The electric power plant may also comprise a standby superheater connected in parallel with the superheater between the boiler and the steam turbine and configured to heat steam from the boiler using heat exclusively from the thermal energy storage system in order to operate the steam turbine generator to produce electricity, some or all of which may be consumed by the electrolyzer to produce Hydrogen.

The steam to the electrolyzer may for example be produced by the boiler, extracted from the steam turbine, or may bypass the steam turbine after being heated in the superheater or standby superheater.

In a second aspect of the invention, a method of operating the electric power plant of the first aspect of the invention comprises using electricity from the grid to power the second heat source to heat the storage and produce steam for the electrolyzer and as the electricity source for the electrolyzer

The method may also comprise producing hydrogen from electricity generated by the steam turbine generator using steam produced from stored thermal energy.

In another aspect of the method, the electrolyzer may be operated at a reduced or minimum rate of hydrogen production, in order to avoid turning off the electrolyzer, while the combustion turbine is operated using stored hydrogen fuel.

These and other embodiments, features and advantages of the present invention will become more apparent to those skilled in the art when taken with reference to the following more detailed description of the invention in conjunction with the accompanying drawings that are first briefly described.

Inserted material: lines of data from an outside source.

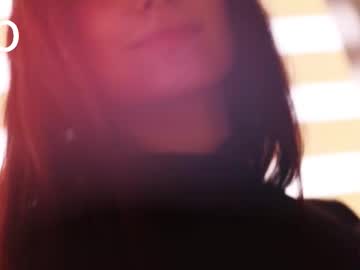 chrystal_jade's chat room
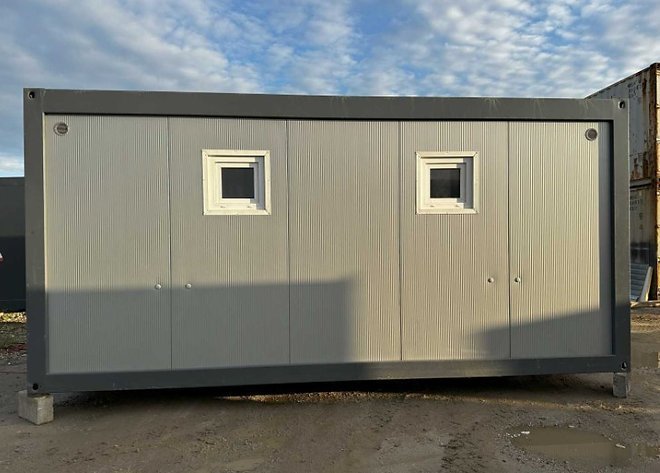 52aa76_9e27bc93a73d48c0bcf64ffccd6879a4mv2.jpg Conteneur Sanitaire 3×6 Divisé – Image 1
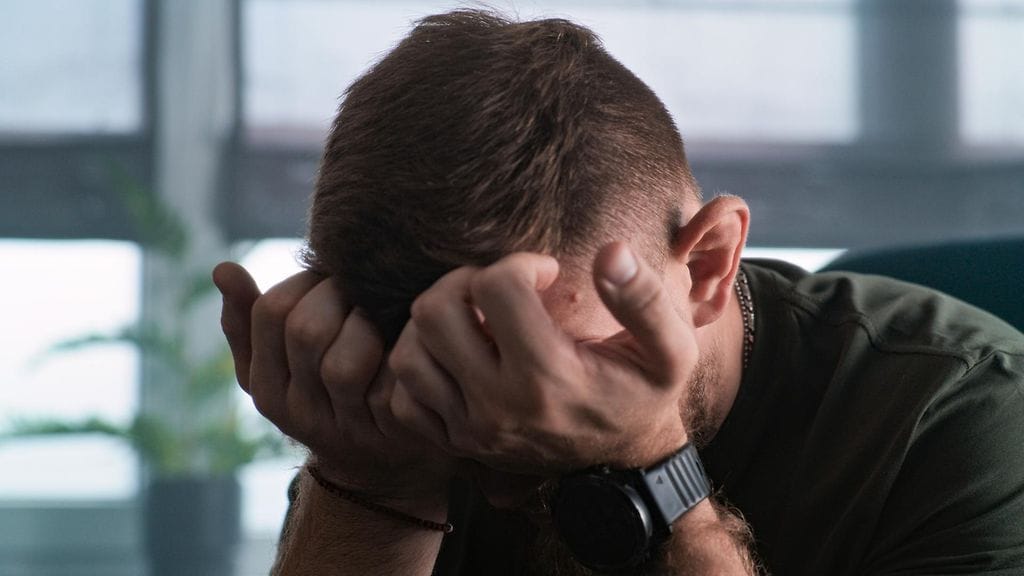 Neuroottisuus on persoonallisuuspiirre, jolle on tyypillistä vaihtelevat tunteet ja taipumus kokea kielteisiä tunteita, kuten ahdistusta, pelkoa ja yksinäisyyttä.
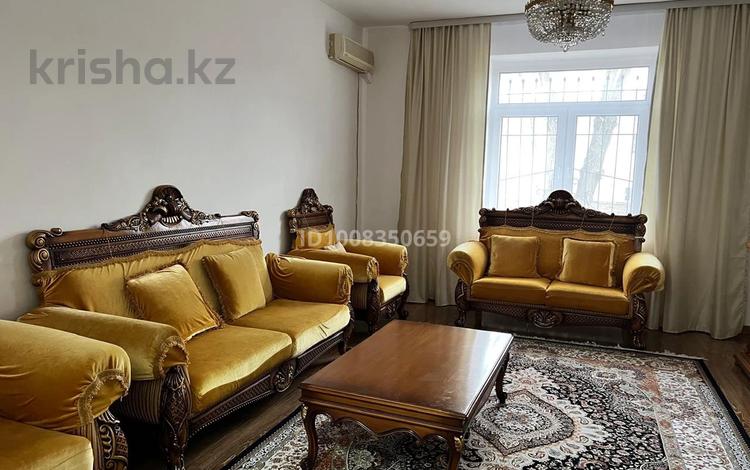 4-бөлмелі пәтер · 300 м² · 1/3 қабат, Хакимова 3, бағасы: 400 000 ₸ в Атырау — фото 2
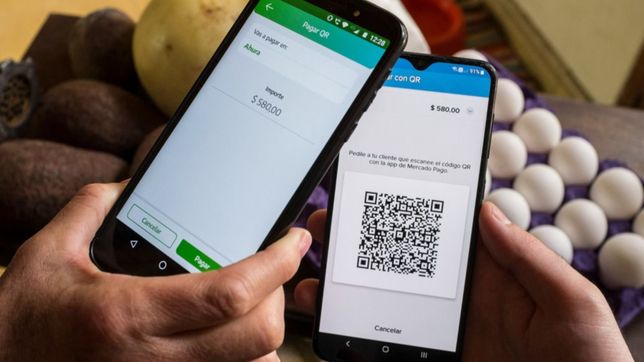 quienes pelean por el segundo puesto en la pista que domina galperin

The following detailed description should be read with reference to the drawings, in which identical reference numbers refer to like elements throughout the different figures. The drawings, which are not necessarily to scale, depict selective embodiments and are not intended to limit the scope of the invention. The detailed description illustrates by way of example, not by way of limitation, the principles of the invention. As used in this specification and the appended claims, the singular forms “a,” “an,” and “the” include plural referents unless the context clearly indicates otherwise.

This specification discloses apparatus, systems, and methods for start-up and operation of liquid salt energy storage combined cycle systems.

The example liquid salt combined cycle (LSCC) system shown inintegrates thermal energy storage with gas and steam turbines in a novel system that enables faster start-up and improved plant fuel efficiency. By moving evaporative heating duty outside the exhaust heat recovery steam generator, this arrangement removes heat transfer constraints to increase steam turbine flow and power output without increasing combustion turbine fuel flow, resulting in exceptionally low fuel Heat Rate.

Steam is evaporated using energy stored in molten salt (or in another thermal storage medium), while the gas turbine exhaust is used to economize and then superheat the steam in a single pressure, non-reheat steam cycle. A single-pressure non-reheat LSCC allows much higher steam flow and steam turbine power than in a triple-pressure reheat combined cycle. Removing the high-pressure drum, and using stored energy for pre-heat, also facilitates fast start-up which is needed in markets with large penetration of variable renewable energy.

LSCC can be used with any gas turbine, including industrial, frame, and aero-derivatives, to boost output. The system improves the efficiency metrics for a hybrid energy storage plant: Fuel Heat Rate and Primary Energy Rate, which are the ratios of fuel and stored energy input per unit of electricity output from the overall system. As tabulated in, hybrid integration reduces both fuel heat rate and primary energy rate. The combustion turbine exhaust increases the efficiency of converting stored thermal energy to electricity, and the stored energy displaces fuel. This is an effective greenhouse gas (GHG) reduction strategy, reduces the cost of storing and time-shifting renewable power, and by reducing the fuel heat rate, makes it more economical to use expensive fuels, such as those produced with renewable energy.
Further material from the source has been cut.